The system known as anaerobic digestion is a microbiological process that uses the consumption of nutrients to produce methane. The dry variant — with a total concentration of solids inside the reactor above 15% — is considered a viable alternative for the treatment of solid waste when compared to conventional sanitary landfills.

According to the researchers, a yield of 36.61 liters of methane per kilogram of solids removed from the environment can generate approximately 1.92 kilowatt-hours of electricity and 8.63 megajoules of heat per ton of reused apple pomace.

“Our study shows that the bioenergy recovered by the industry during this apple bagasse reuse process could supply the equivalent of 19.18% of electricity and 11.15% of heat in the operating expenses of a reactor”, adds Carneiro.

good for the planet

The scientists concluded that this reuse system could avoid the emission of 0.14 kg of carbon dioxide — during the electricity generation process — and 0.48 kg of CO2 in the production of thermal energy per ton of apple pomace.
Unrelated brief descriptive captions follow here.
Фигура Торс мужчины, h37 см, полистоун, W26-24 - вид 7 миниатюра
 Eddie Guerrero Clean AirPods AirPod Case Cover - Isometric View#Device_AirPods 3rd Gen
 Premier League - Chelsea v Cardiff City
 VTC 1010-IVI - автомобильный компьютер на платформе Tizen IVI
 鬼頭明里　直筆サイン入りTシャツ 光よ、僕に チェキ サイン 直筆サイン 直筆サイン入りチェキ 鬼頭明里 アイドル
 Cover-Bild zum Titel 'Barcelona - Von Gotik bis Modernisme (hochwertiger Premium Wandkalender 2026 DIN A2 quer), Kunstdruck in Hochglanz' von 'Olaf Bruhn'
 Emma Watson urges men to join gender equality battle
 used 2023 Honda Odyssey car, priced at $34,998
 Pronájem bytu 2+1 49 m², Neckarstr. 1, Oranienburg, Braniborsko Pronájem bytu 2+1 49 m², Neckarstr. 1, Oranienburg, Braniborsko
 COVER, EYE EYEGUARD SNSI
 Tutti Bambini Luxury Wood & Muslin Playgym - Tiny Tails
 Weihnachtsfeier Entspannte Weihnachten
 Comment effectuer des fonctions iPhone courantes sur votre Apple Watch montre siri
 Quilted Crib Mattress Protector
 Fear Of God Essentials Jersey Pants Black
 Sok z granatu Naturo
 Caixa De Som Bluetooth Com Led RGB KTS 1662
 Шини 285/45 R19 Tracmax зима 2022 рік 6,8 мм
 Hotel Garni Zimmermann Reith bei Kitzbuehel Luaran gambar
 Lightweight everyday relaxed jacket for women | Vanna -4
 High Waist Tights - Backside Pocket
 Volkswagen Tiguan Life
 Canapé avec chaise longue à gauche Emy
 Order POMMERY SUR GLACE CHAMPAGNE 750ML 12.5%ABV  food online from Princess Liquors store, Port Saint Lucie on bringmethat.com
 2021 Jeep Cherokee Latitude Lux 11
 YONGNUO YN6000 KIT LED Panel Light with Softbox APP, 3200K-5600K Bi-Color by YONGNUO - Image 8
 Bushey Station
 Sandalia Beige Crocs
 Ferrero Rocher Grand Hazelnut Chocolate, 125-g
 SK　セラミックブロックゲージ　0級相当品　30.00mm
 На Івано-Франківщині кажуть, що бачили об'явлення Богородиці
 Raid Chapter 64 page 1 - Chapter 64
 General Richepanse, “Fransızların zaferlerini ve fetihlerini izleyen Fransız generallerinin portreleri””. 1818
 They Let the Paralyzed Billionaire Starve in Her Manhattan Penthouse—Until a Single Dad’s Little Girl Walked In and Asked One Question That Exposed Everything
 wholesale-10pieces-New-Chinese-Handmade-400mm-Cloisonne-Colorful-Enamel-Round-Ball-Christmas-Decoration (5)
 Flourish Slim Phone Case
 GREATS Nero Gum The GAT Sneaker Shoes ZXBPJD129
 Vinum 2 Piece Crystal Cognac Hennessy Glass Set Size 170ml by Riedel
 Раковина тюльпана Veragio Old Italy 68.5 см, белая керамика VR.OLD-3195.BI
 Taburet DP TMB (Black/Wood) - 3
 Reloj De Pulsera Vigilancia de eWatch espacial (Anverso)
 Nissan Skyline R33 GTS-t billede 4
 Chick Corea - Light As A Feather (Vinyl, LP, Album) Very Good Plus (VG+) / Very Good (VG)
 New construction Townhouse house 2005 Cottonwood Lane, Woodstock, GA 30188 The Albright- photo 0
With this, biofuels and bioelectricity could contribute to the development of public policies, considerably reducing the consumption of fossil fuels and the emission of greenhouse gases from organic waste.

“Anaerobic digestion technology is stable and can be implemented in small and medium-scale industries, helping in the transition to the circular economy and offering a better destination for fruit residues, which is an alternative for the recovery of by-products, providing gains for the production chain”, concludes Carneiro.